··· Exercise data ···

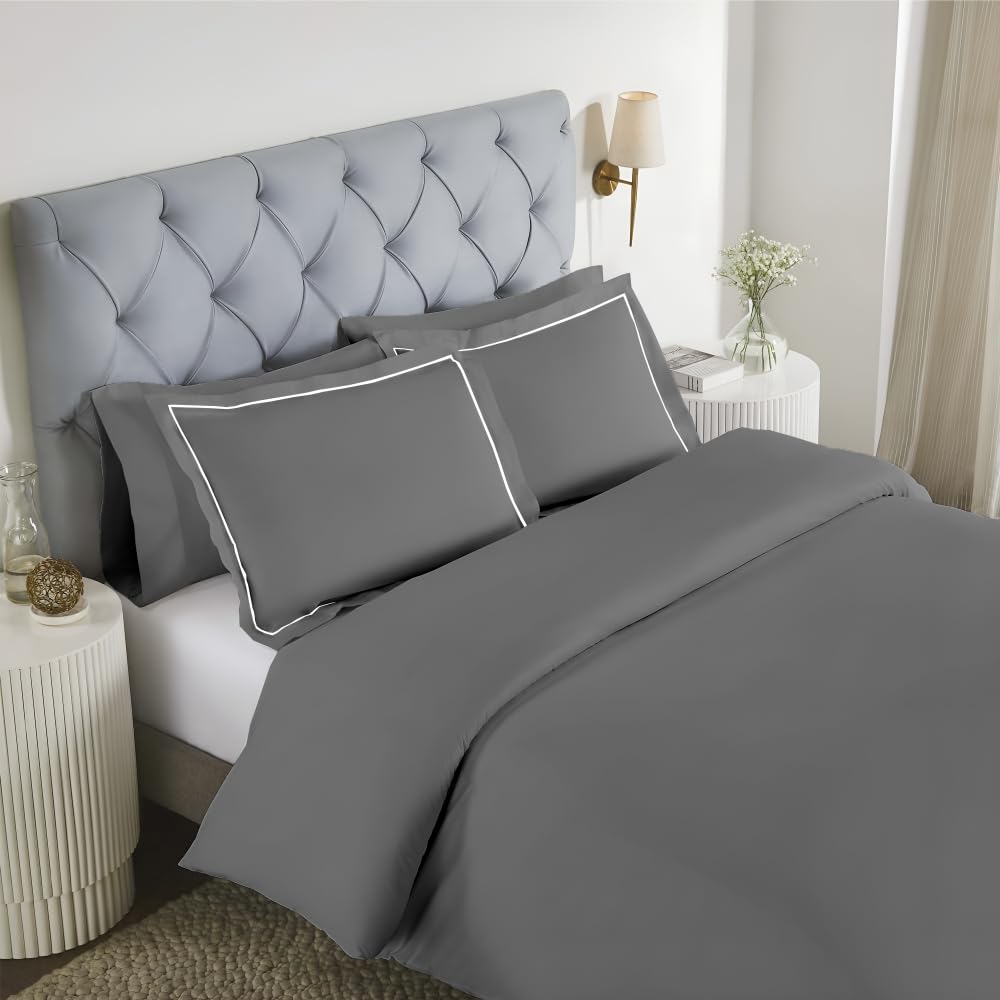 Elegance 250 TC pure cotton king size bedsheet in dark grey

···
··· Exercise data ···

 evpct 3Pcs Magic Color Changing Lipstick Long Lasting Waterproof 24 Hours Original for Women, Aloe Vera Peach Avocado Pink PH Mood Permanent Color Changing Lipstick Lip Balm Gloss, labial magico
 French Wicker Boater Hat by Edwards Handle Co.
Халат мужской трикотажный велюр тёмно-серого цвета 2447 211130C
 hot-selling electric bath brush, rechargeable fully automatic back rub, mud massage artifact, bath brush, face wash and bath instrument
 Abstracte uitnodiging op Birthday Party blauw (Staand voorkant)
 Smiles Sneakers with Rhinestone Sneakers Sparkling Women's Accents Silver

···

[Your task]
Exactly the lines above from the one with "Abstracte uitnodiging op" to the one with "Smiles Sneakers with", both included, are to be quoted; leave the rest out.

[Written solution]
 Abstracte uitnodiging op Birthday Party blauw (Staand voorkant)
 Smiles Sneakers with Rhinestone Sneakers Sparkling Women's Accents Silver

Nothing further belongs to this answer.